Царские чиновники отчаянно пытались получить знания, которые помогли бы им формулировать и реализовывать политику в степи. В то же время, как только Российская империя создала немногочисленные институты (газеты и школы), которые сделали ее mission civilisatrice [7] в регионе чем-то большим, нежели чистая риторика, она провозгласила себя и, в частности, русский язык проводником в мир полезных знаний, лежащий за пределами дикой, мрачной степи. И в том и в другом отношении воззрения царизма на знания сформировали дискурсивное и институциональное пространство для казахских подданных, для их самоопределения и продвижения их собственных интересов. Встреча Российской империи со степью, хотя и характеризовалась неравным соотношением сил, была, таким образом, обменом знаниями, при котором казахи и русские представляли себя и друг друга друг другу. Многие из этих представлений имели долгосрочные социальные и политические последствия, выявление которых и является основной задачей настоящей работы.
7
Цивилизаторская миссия (фр.). – Примеч. ред.
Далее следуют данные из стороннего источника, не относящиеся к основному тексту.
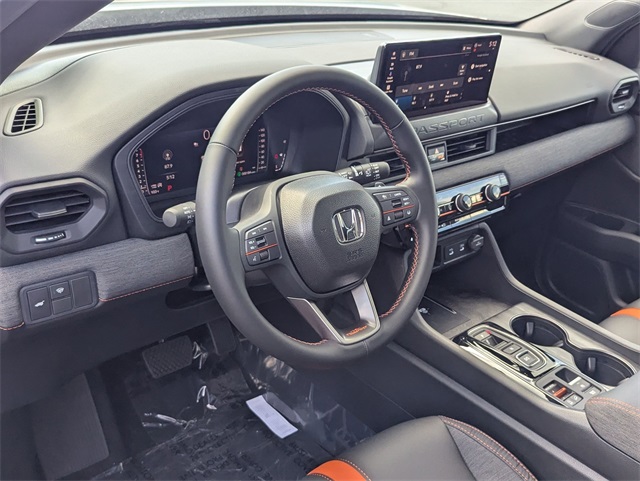 2026 Honda Passport TrailSport photo 2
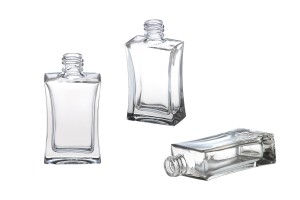 Flacon de parfum rectangulaire de 30 ml (18/415)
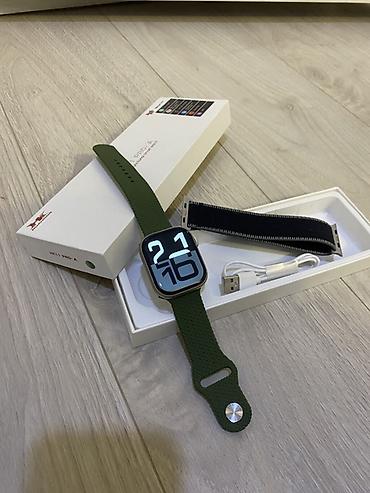 xiomi 15 pro: Смарт-часы HK11 Pro 4 - Новый - Квадратный сенсорный экран с крупными — 2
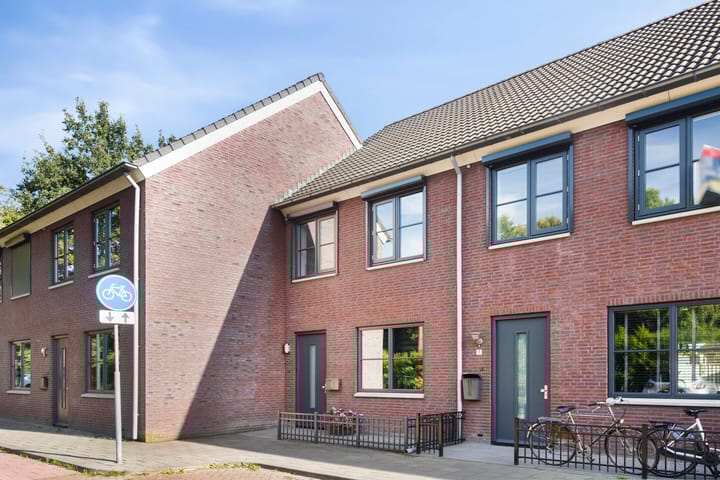 Foto van woning Pastoor van der Meijdenstraat 5, Oisterwijk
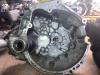 Gearbox from a Peugeot 206 2008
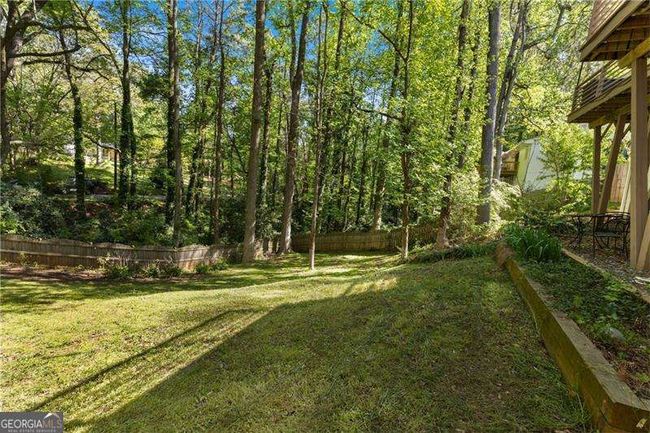 4462 Cain Cir, House other with 4 bedrooms, 2 bathrooms and null parking in Tucker GA | Image 19
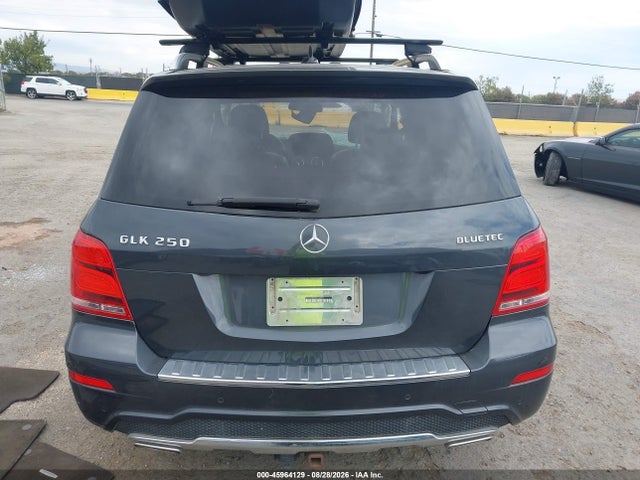 Продаж на аукціоні авто 2013 Mercedes-benz Glk 250 Bluetec 4matic, vin: WDCGG0EB2DG132575, номер лоту: 45964129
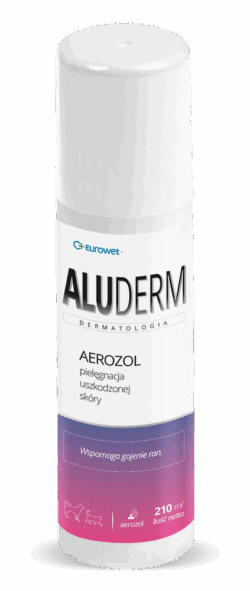 Alu-derm 210ml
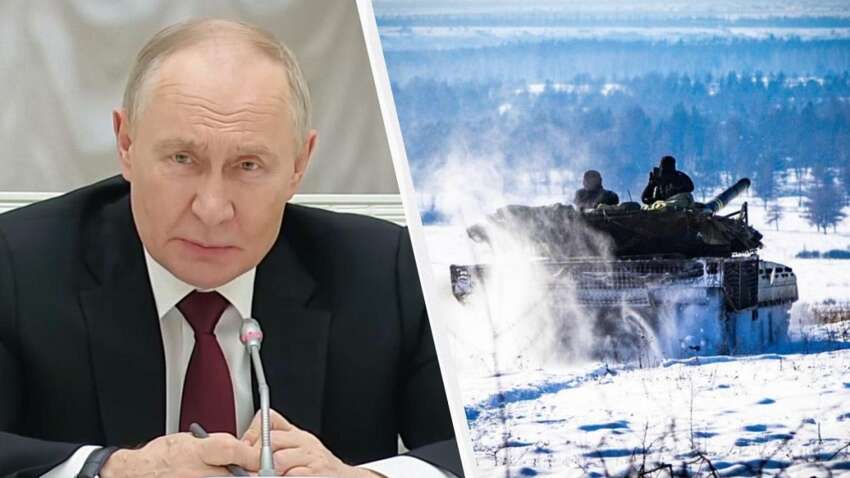 Одним Донбасом не обійдеться: на Заході шокували даними про новий ультиматум Путіна  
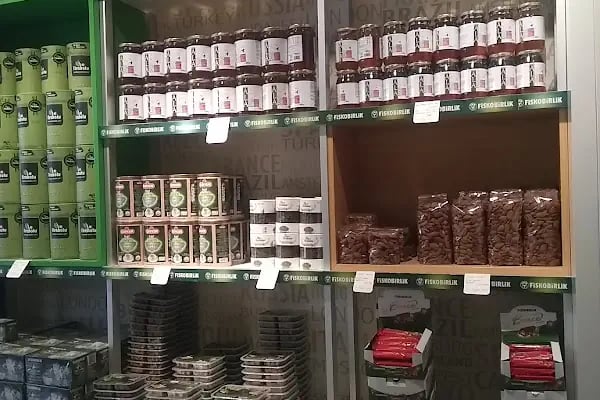 Samsun Fiskobirlik Satış Mağazası Deveci Fındık - Resim 11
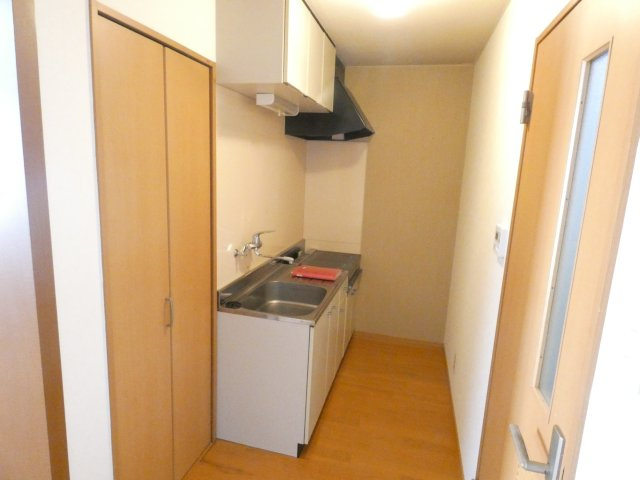 リリス418のキッチン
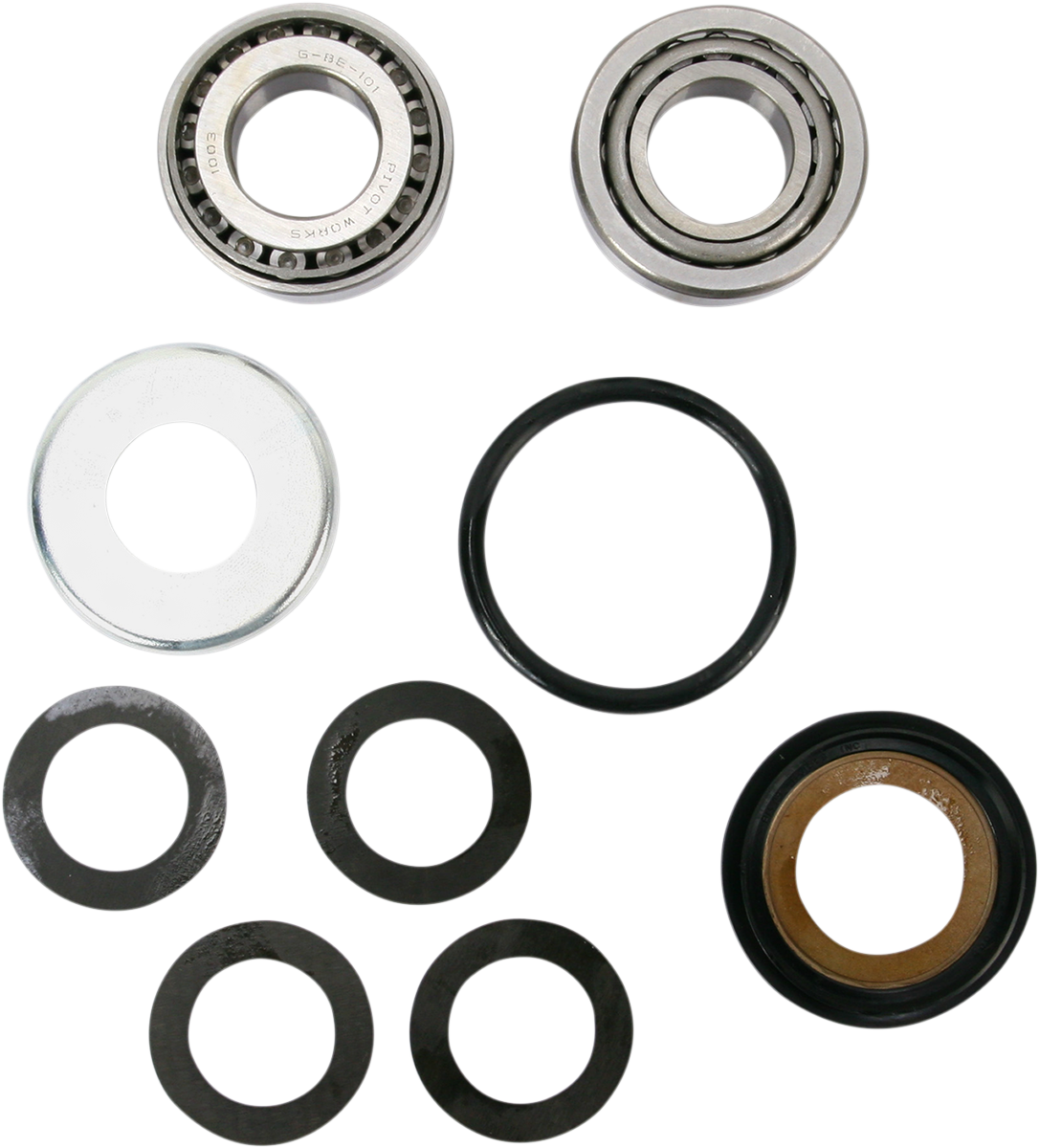 PIVOT WORKS Steering Stem Bearing Kit - Gas Gas PWSSK-G01-001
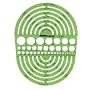 TEMP. CIRCLE RADIUS MASTER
Власть, знания и российская экспансия
В таком проекте неизбежно приходится учитывать огромный массив критических и метакритических трудов об отношениях между властью и знаниями в условиях империи. Исследователи русского империализма обсуждают этот вопрос уже почти два десятилетия, в основном через призму первопроходческого исследования этой проблемы, книги Э. Саида «Ориентализм» [Саид 2006]. Отдельные ученые и научные организации в своих специализированных исследованиях сходятся во мнении, что российский ориентализм был более тонким и менее монолитным, чем предполагает модель Э. Саида, что он был разнообразным и принципиально аполитичным [8] . Но остаются сомнения в том, что эти исследования демонстрируют уникальность русского ориентализма; исследователи других империй не менее ясно показали, что ориентализм не монолитен и что связь между наукой и политикой никогда нельзя полагать очевидной [Marchand 2009; Charles, Cheney 2013]. Здесь мы сталкиваемся с привычным в науке явлением: после многих лет целенаправленных эмпирических исследований возникает обширный теоретический текст, который может лишь с оговорками применяться ко всем временам и странам.
8
Невзирая на энергичные возражения А. Халида [Халид 2005], это общепринятое мнение высказывают такие авторы, как Н. Найт [Knight 2000], Д. Схиммельпэннинк ван дер Ойе [Схиммельпэннинк ван дер Ойе 2019], В. Тольц [Тольц 2013].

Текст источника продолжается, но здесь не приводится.